Richard Lifton, M.D., Ph.D.
Richard Lifton is Chairman and Sterling Professor of Genetics at Yale University, and Investigator of the Howard Hughes Medical Institute. He also directs the Yale Center for Human Genetics and Genomics. He received his B.A. from Dartmouth, M.D. and Ph.D. degrees from Stanford, and trained in medicine at Brigham and Women’s Hospital and Harvard prior to moving to Yale in 1993.
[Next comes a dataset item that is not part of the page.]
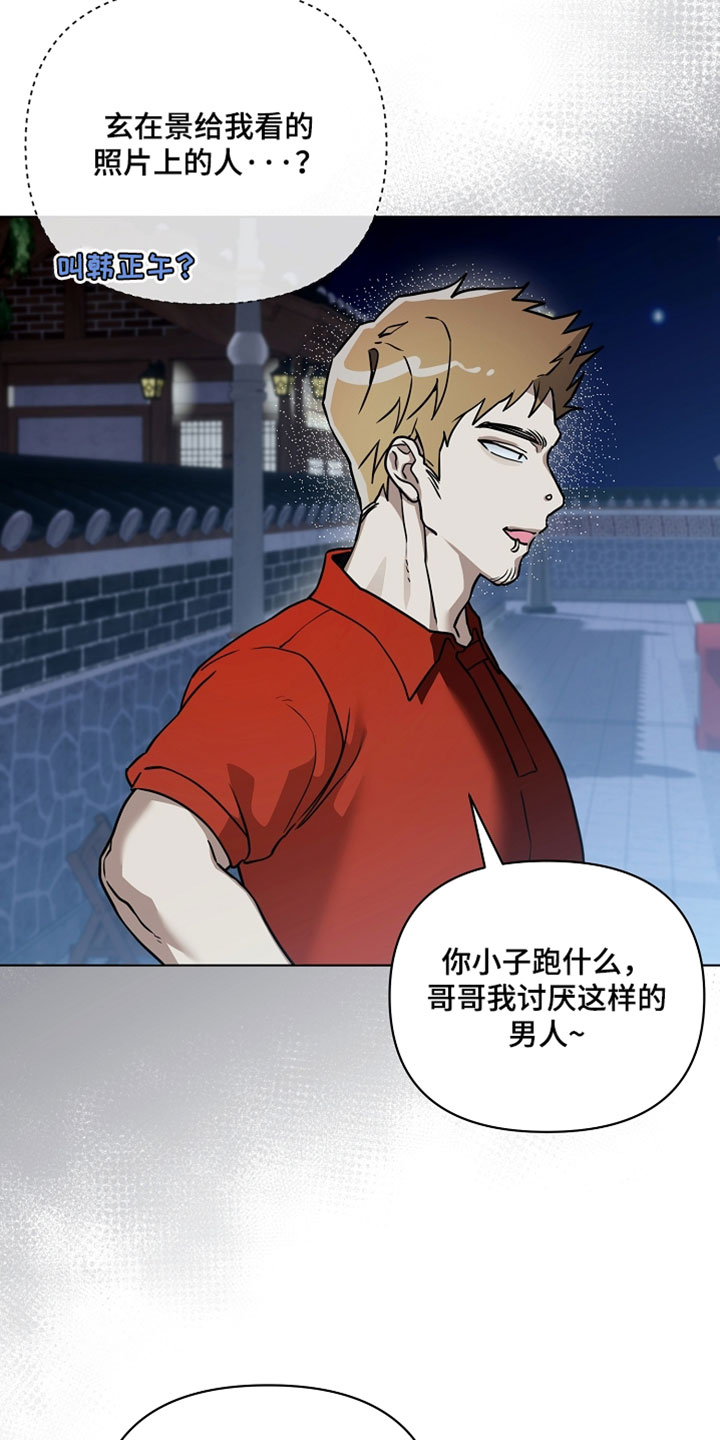 不正常恋爱漫画,第29章：我才回头找他1图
Dr. Lifton’s laboratory has used human genetics and genomics to identify causes of heart, kidney, and bone disease. By investigating thousands of families from around the world, his group has identified more than 25 human disease genes. These include key genes and pathways that are critical to the risk of heart attack, hypertension, osteoporosis, and stroke. These studies have provided new diagnostic and therapeutic approaches to these diseases, which affect more than one billion people worldwide.
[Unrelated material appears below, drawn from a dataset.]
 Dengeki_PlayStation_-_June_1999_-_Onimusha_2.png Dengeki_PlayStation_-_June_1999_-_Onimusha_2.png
Dr. Lifton also chairs the Scientific Advisory Board of Merck, the Medical Physiology Section of the National Academy of Sciences, and the NIH Advisory Committee for Large Scale Genomic Sequencing. He serves on the Council of the Institute of Medicine, the Scientific Advisory Boards of The Simons Foundation Autism Project, and The Gallo Foundation of the University of California, San Francisco.
His honors include election to the National Academy of Sciences and the Institute of Medicine as well as the highest scientific awards of the American Heart Association, the International Society of Hypertension, and the International Society of Nephrology; he is also the recipient of the 2008 Wiley Prize in Biomedical Sciences.
Dr. Richard Lifton received a B.A. from Dartmouth College and an M.D. and Ph.D. from Stanford University.